I like the idea of testing build-system behaviors like this, and I don’t think it’s ever really done in practice. Scriptable build systems, for lack of a better name for them, exist at a bad intersection of Turing complete, hard to test different cases, hard to reason about, hard to read the build script code, and most of us treating them as “ugh I hope all this stuff works” and if it does “thank god I get to ignore all this stuff for another 6 months”.
If you mean testing the "disable Landlock if the headers and syscalls are out of sync" functionality then I agree, workarounds for such corner cases are often not fully tested.

But it would have been enough here to have a test just to see that Landlock works in general. That test would have broken with this commit, because that's what the commit actually does - break all Landlock support.

Based on that it sounds like there wasn't a test for Landlock integration, if I've understood things correctly.

Create a tiny fake version of landlock with just the features you're testing for. Since it's only checking for 4 #defines in 3 header files, that's easy.

Then compile your test program against your fake header files (with -Imy-fake-includes). It should compile without errors even if landlock is missing from your actual system.

Then build your test program a second time, this time against the real system headers, to test whether landlock is supported on your system.

I'd say this MR is a bad approach in general. The headers say what interfaces are known, not what features are available. You should be able to compile with landlock support on a system which doesn't enable it. Same situation as seccomp and others. Your build machine doesn't have to match the capabilities of the target runner.

But yeah, to test it, you can have a mock version of landlock which responds with the error/success as you want, regardless of what the system would normally do. It relies on the test not being sabotaged too though...
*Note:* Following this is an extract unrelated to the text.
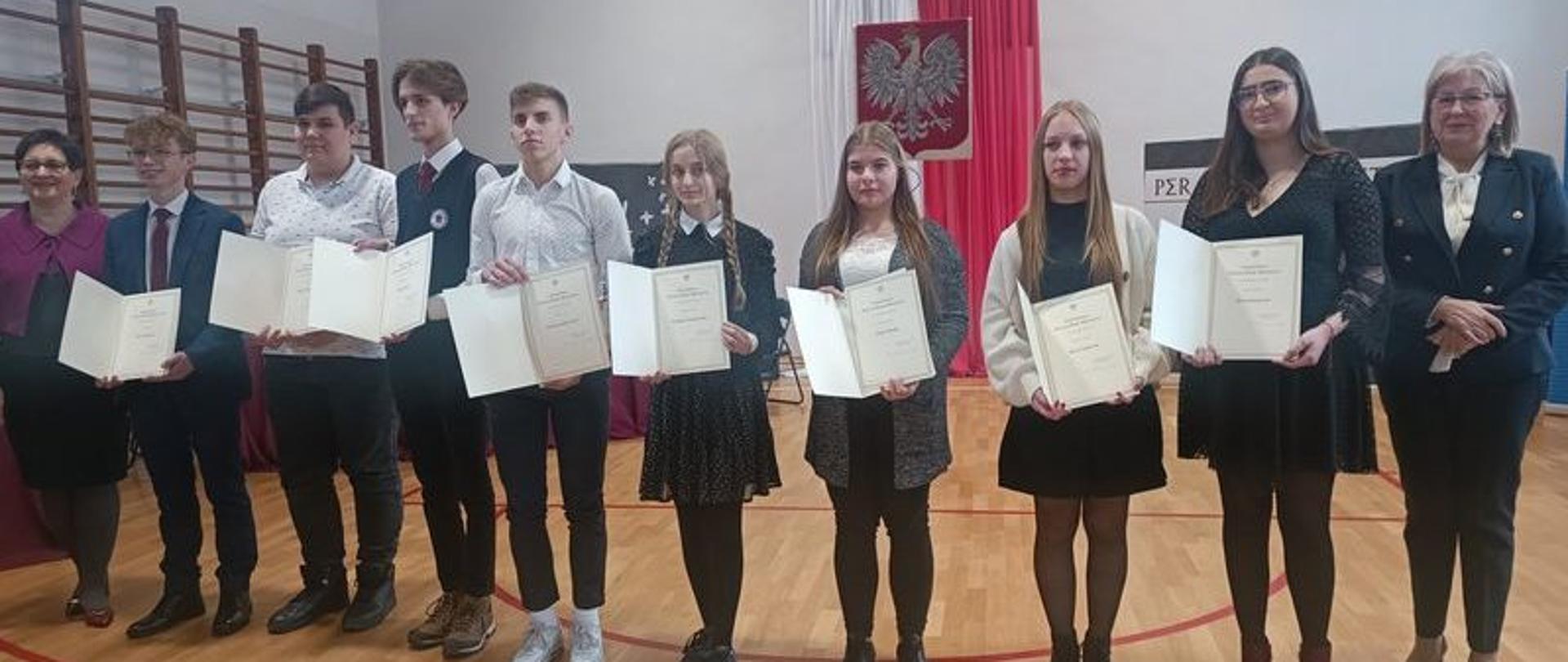 Na zdjęciu grupa uczniów trzymających w rękach dyplomy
Read the code of the check again. It mostly checks that the required SYS_* constants are defined to be able to use the syscalls. You can compile this on a system that does not have landlock enabled in the running kernel, but the libc (which imports the kernel system call interface) has to provide the syscall numbers.
You're right. I didn't see SYS... symbols being actually used, but they are: https://git.tukaani.org/?p=xz.git;a=blob;f=src/xz/sandbox.c;...

This doesn't change my opinion in general - that version should be exposed through a library call and knowing about the specific syscalls shouldn't be needed in xv.

I see your point, but suggesting adding an additional library dependency while we're discussing a supply chain attack is quite ironic.
Should've said function call not library call. My bad. Basically if you already have the linux/landlock.h, that should provide everything you need to do without explicit references to SYS...
Now we are running in circles. As you see in the git commit, the compile check was added because the existance of linux/landlock.h alone was not enough to check that the feature can be used.

This header defines the data types for the Linux kernel interface, but not how the syscall landlock_create_ruleset(2) will be issued. That is provided by libc either as a separate wrapper function (does not exist in glibc) or the implementation needs to use syscall(SYS_landlock_create_ruleset, ...), with the constant also being provided by libc. That is how it works for all syscalls and you won't be able to change this.